• **Information shown**:
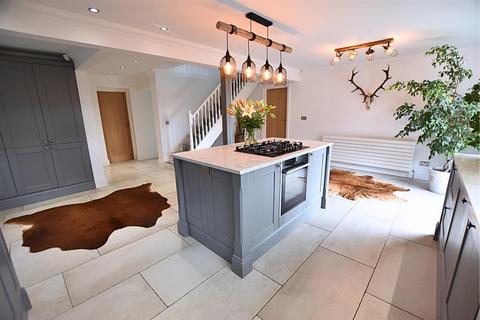 24 Blackthorn Drive, Great Coates, Grimsby, DN37 9PX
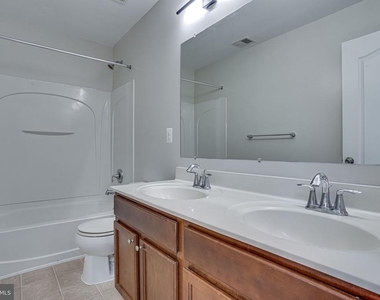 2895 Sedgemore Place - Photo Thumbnail 22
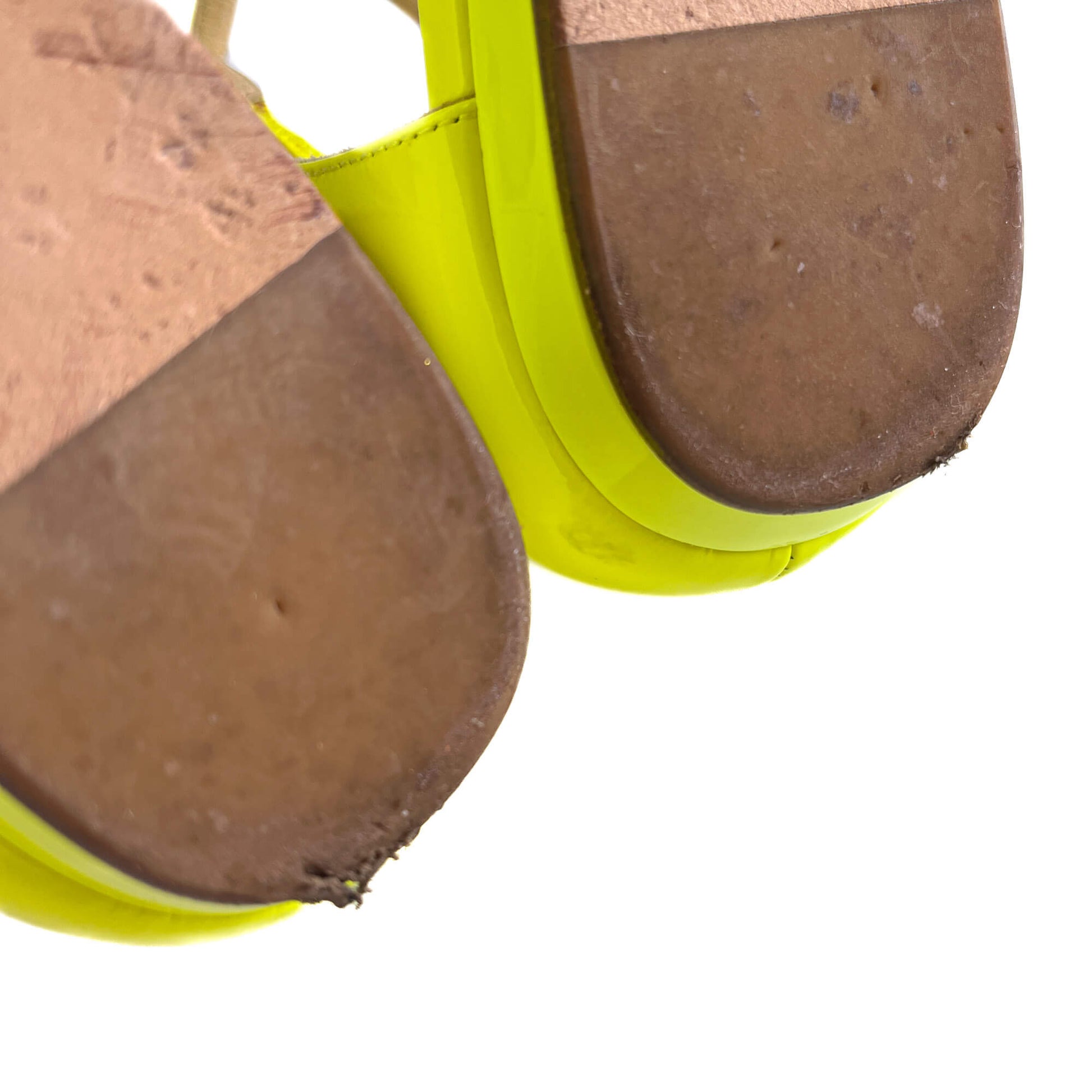 Second hand Jimmy Choo Lance Patent Leather Flat Sandals 40 Yellow - Tabita Bags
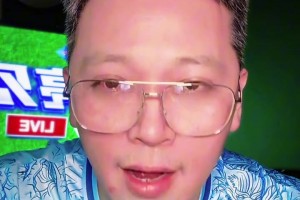 博主：苏超球员杨笑天不应该被道德化，足球场伤了“妈妈心”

• **Task prompt**: When you copy the data, keep every line exact and drop the pictures.

• **Reply to the exercise**:
 24 Blackthorn Drive, Great Coates, Grimsby, DN37 9PX
 2895 Sedgemore Place - Photo Thumbnail 22
 Second hand Jimmy Choo Lance Patent Leather Flat Sandals 40 Yellow - Tabita Bags
 博主：苏超球员杨笑天不应该被道德化，足球场伤了“妈妈心”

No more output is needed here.